The recommended initial dose is 1.25 mg once daily.

The dose is increased at intervals of at least two weeks to 2.5 mg, 3.75 mg, 5 mg, 7.5 mg, and 10 mg once daily.

This usually happens as follows:

• 1.25 mg bisoprolol once daily for 2 weeks;
• 2.5 mg bisoprolol once daily for 2 weeks;
• 3.75 mg bisoprolol once daily for 2 weeks;
• 5 mg bisoprolol once daily for 2 weeks;
• 7.5 mg bisoprolol once daily for 2 weeks;
• 10 mg bisoprolol once daily for maintenance treatment (chronic).

The maximum recommended daily dose is 10 mg bisoprolol.

Depending on how the medication is tolerated, your doctor may recommend extending the time between dose increases.

If your condition worsens or the medication is not tolerated, it may be necessary to reduce the dose again or stop treatment.

For some patients, a maintenance dose lower than 10 mg bisoprolol may be sufficient.

Your doctor will determine the appropriate course of action.

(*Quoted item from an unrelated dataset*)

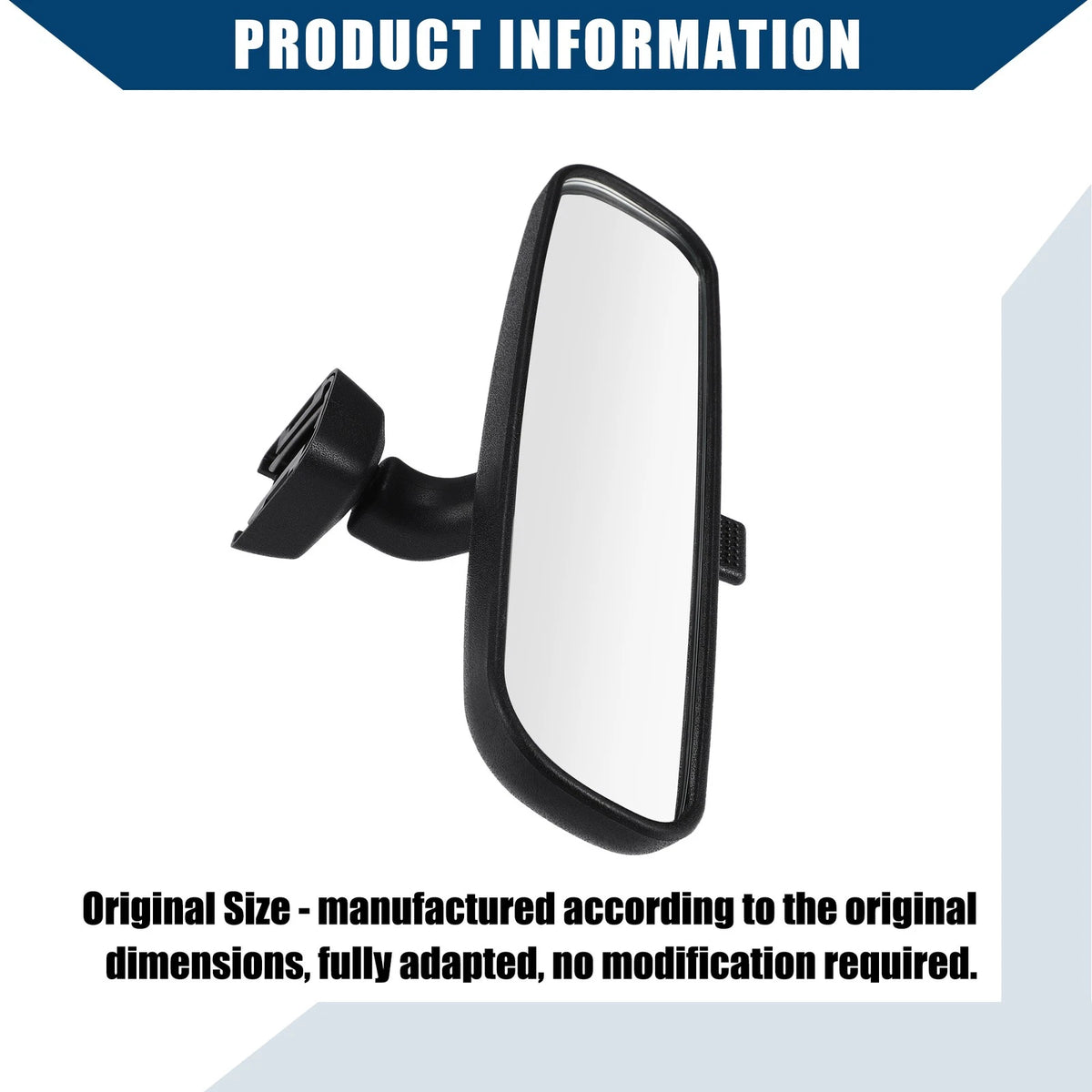 Rear View Mirror Interior for Toyota Camry (2007-2011) Black 1 x Piece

Treatment of High Blood Pressure and Angina Pectoris

In both cases, the usual dose is one Blocard 5 mg tablet or half a Blocard 10 mg tablet (equivalent to 5 mg bisoprolol fumarate) once daily.

If necessary, your doctor may increase the dose to one Blocard 10 mg tablet or two Blocard 5 mg tablets (equivalent to 10 mg bisoprolol fumarate) once daily.

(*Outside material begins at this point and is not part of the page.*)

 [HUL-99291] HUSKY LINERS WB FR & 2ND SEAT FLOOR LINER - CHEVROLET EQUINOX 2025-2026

The maximum recommended dose is 20 mg once daily.

Impaired Liver or Kidney Function:

Treatment of High Blood Pressure and Angina Pectoris

In patients with mild to moderate liver or kidney impairment, there is usually no need to modify the dosage.

In patients with severe kidney impairment and severe liver impairment, the dose should not exceed 10 mg bisoprolol per day.

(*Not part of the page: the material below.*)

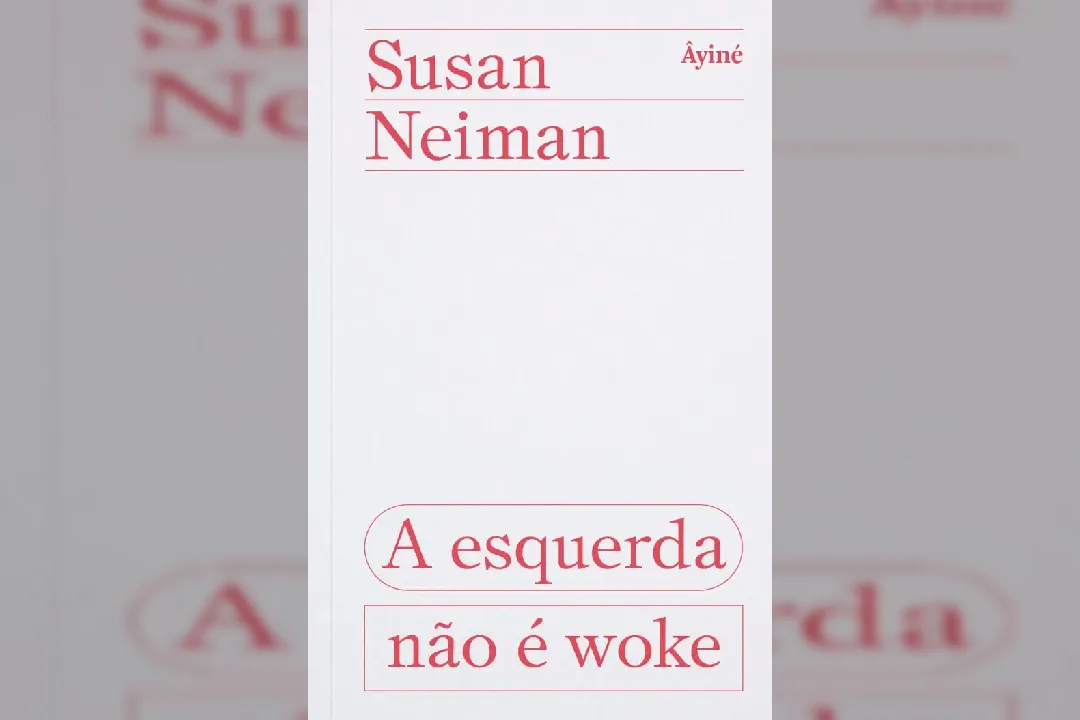 Capa do livro “A Esquerda Não É Woke”. Foto: divulgação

Experience with bisoprolol in patients undergoing dialysis is limited; however, there is no evidence that the dosage needs to be modified.

Treatment of Stable, Chronic Heart Failure

Special caution is necessary when increasing the dose of Blocard.

Elderly Patients:

Dose adjustment is not necessary.

Use in Children and Adolescents:

Blocard is not recommended for children and adolescents.

Duration of Treatment:

Treatment with Blocard is usually long-term.

If treatment needs to be stopped, your doctor will usually recommend gradually reducing the dose of Blocard; otherwise, the condition may worsen.

Taking More Than the Recommended Dose of Blocard:

If you take more Blocard than recommended, you should immediately inform your doctor.

Your doctor will decide what actions to take.

Symptoms of overdose include: slow heart rate, difficulty breathing, significant drop in blood pressure, dizziness, or seizures (caused by low blood sugar levels).

Missing a Dose of Blocard:

You should not take a double dose to make up for a missed dose.

The next day, you should take the recommended dose in the morning.

Stopping Treatment with Blocard:

You should never stop taking Blocard without consulting your doctor.

Otherwise, your condition may worsen.

If you have any further doubts about taking this medication, you should consult your doctor or pharmacist.

4. Possible Side Effects

Like all medications, Blocard can cause side effects, although not everyone will experience them.

Very Common(occurring in at least 1 in 10 patients):

• bradycardia (slow heart rate) (in patients with stable, chronic heart failure).

Common(occurring less frequently than 1 in 10 patients):

• worsening of existing heart failure (in patients with stable, chronic heart failure),
• fatigue, asthenia (weakness) (in patients with stable, chronic heart failure), dizziness, headache,
• feeling of coldness or numbness in the hands or feet,
• low blood pressure (especially in patients with heart failure),
• gastrointestinal disorders, such as nausea, vomiting, diarrhea, or constipation. This only applies to patients with high blood pressure or angina pectoris:* these symptoms occur mainly at the beginning of treatment. They are usually mild and disappear within 1-2 weeks.

Uncommon(occurring less frequently than 1 in 100 patients):

• conduction disorders, worsening of existing heart failure (in patients with high blood pressure or angina pectoris); bradycardia (slow heart rate) (in patients with high blood pressure or angina pectoris),
• sleep disorders,
• depression,
• asthenia (weakness) (in patients with high blood pressure or angina pectoris),
• bronchospasm (difficulty breathing) in patients with asthma or chronic obstructive pulmonary disease,
• muscle weakness or cramps.

Rare(occurring less frequently than 1 in 1,000 patients):

• hearing disorders,
• allergic rhinitis,
• reduced tear secretion (you should consider this if you wear contact lenses),
• hepatitis, which can cause yellowing of the skin or eyes,
• changes in the results of certain blood tests, related to liver function (increased ALT and AST activity) or triglyceride levels in the blood,
• allergic reactions, such as itching, flushing, or rash,
• erectile dysfunction,
• nightmares, hallucinations,
• fainting.

Very Rare(occurring less frequently than 1 in 10,000 patients):

• conjunctivitis (irritation or redness of the eyes),
• hair loss,
• onset or worsening of psoriatic skin lesions (psoriasis), psoriasis-like changes.

Reporting Side Effects

If you experience any side effects, including those not listed in this leaflet, you should inform your doctor or pharmacist.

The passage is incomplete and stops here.